Try it →
Please print, exactly, only the lines in the entries below from the line that has "vintage striped stretchy shirt" through the line that has "Aren Zip Card Wallet In Monogram Leather". Pictures don't go in.

Task data →
--

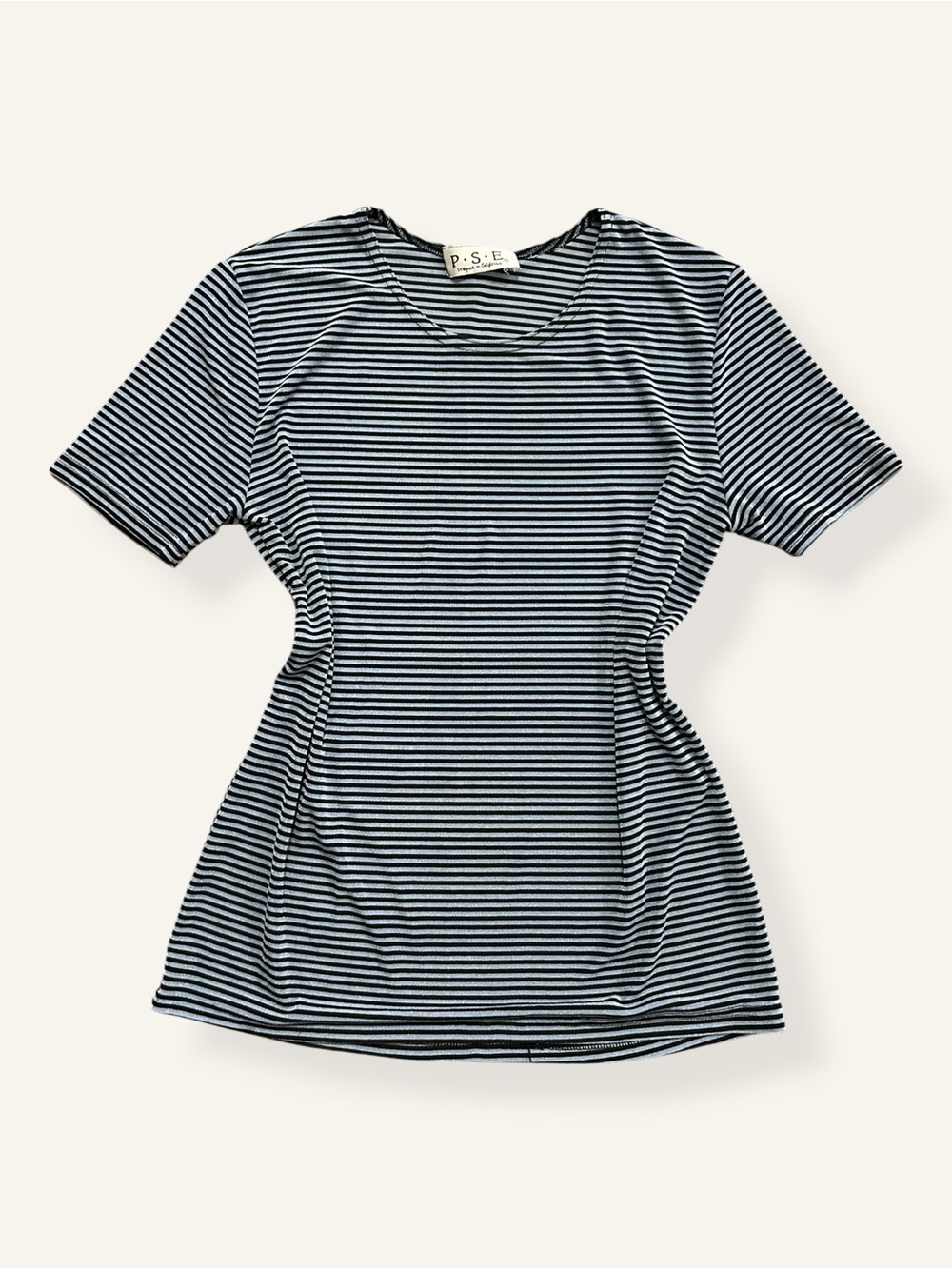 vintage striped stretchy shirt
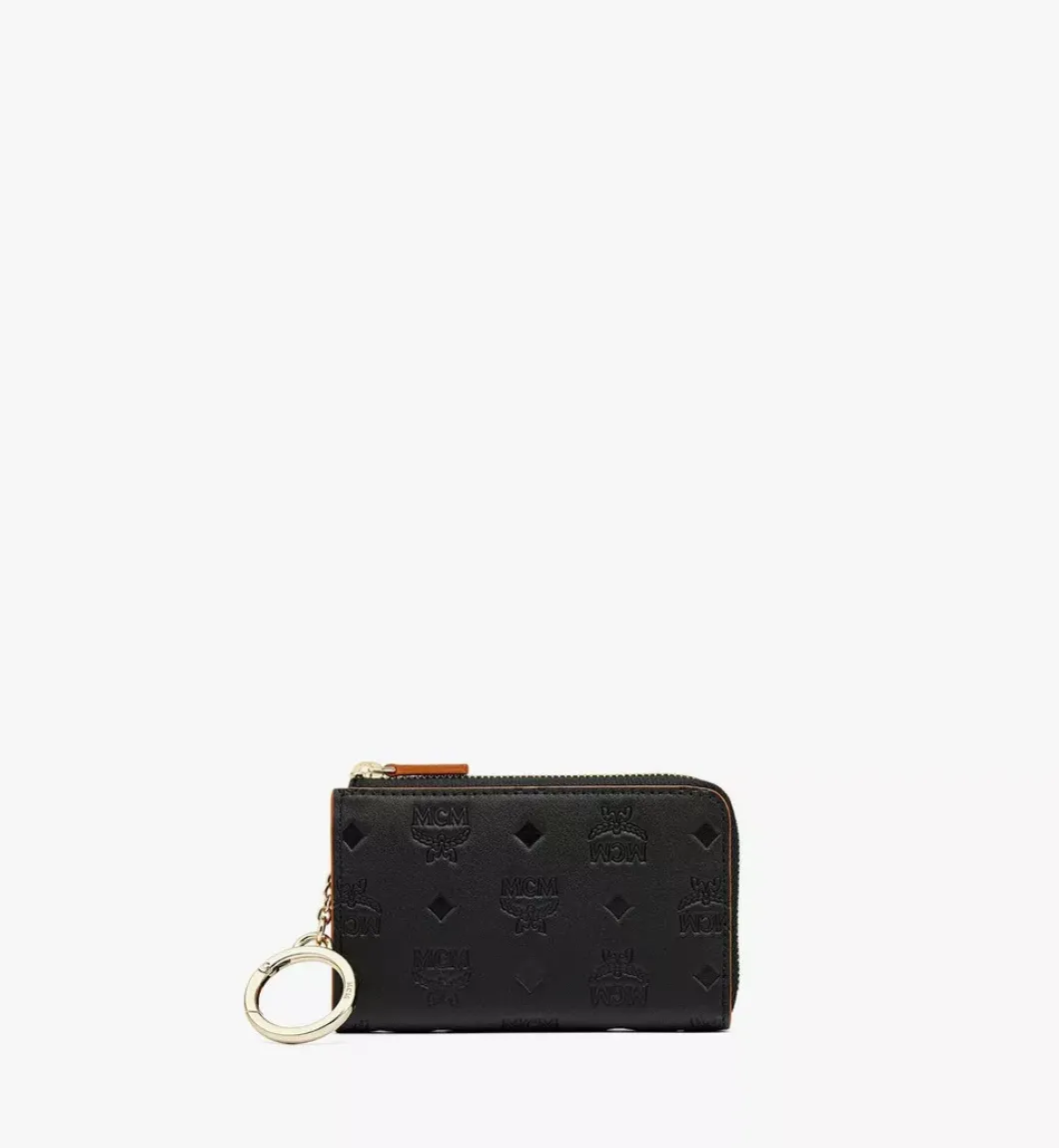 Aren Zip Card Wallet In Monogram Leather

--

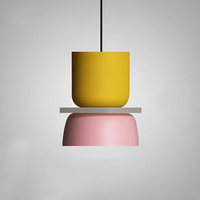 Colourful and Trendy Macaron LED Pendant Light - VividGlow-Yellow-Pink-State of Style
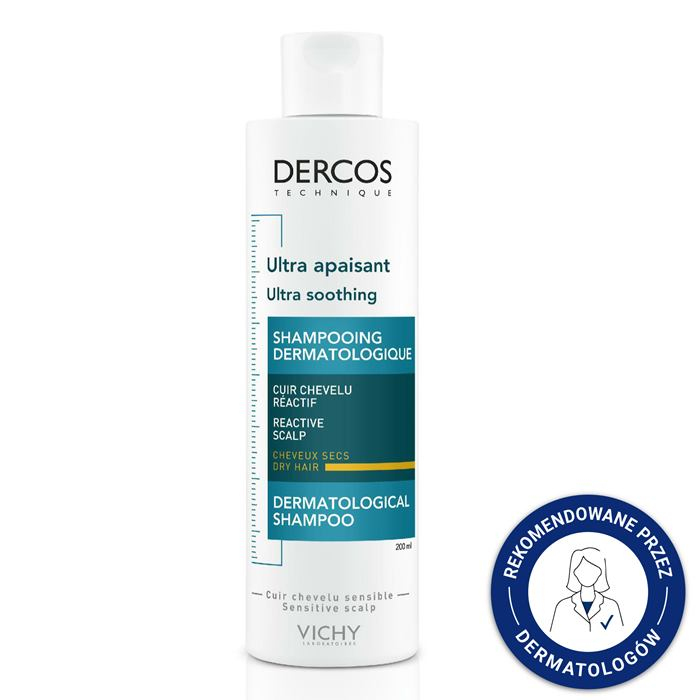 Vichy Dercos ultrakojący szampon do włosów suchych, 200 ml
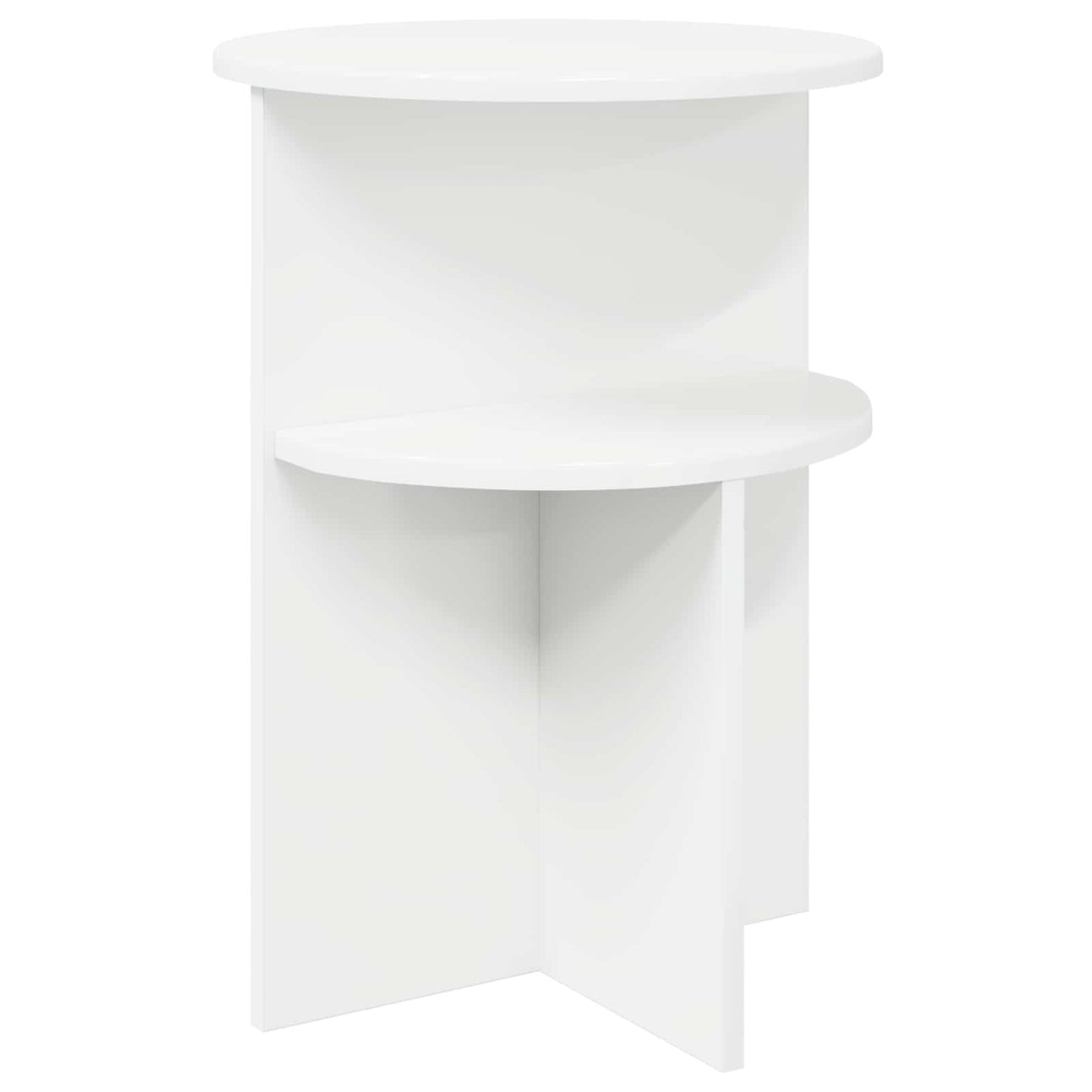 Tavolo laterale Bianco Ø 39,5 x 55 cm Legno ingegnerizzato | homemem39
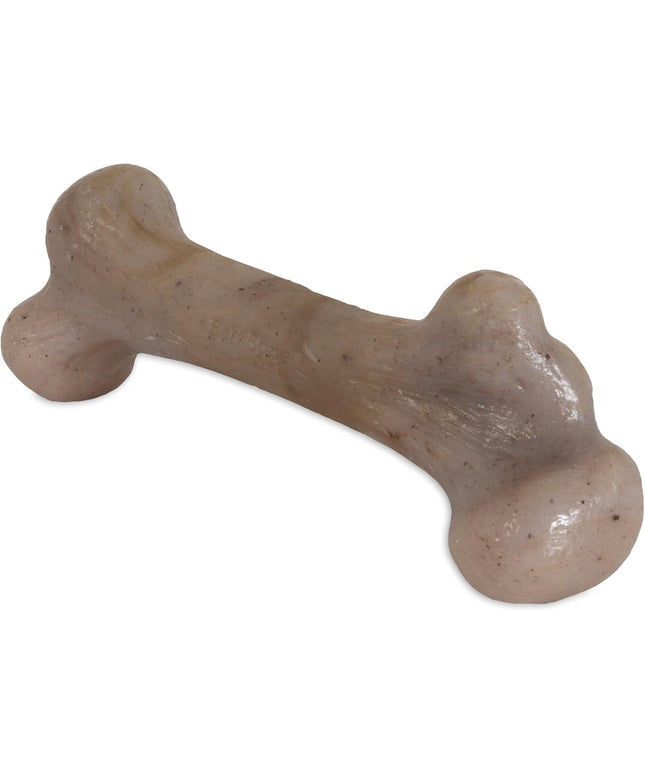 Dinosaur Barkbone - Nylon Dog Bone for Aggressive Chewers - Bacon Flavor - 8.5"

--

Written response →
 vintage striped stretchy shirt
 Aren Zip Card Wallet In Monogram Leather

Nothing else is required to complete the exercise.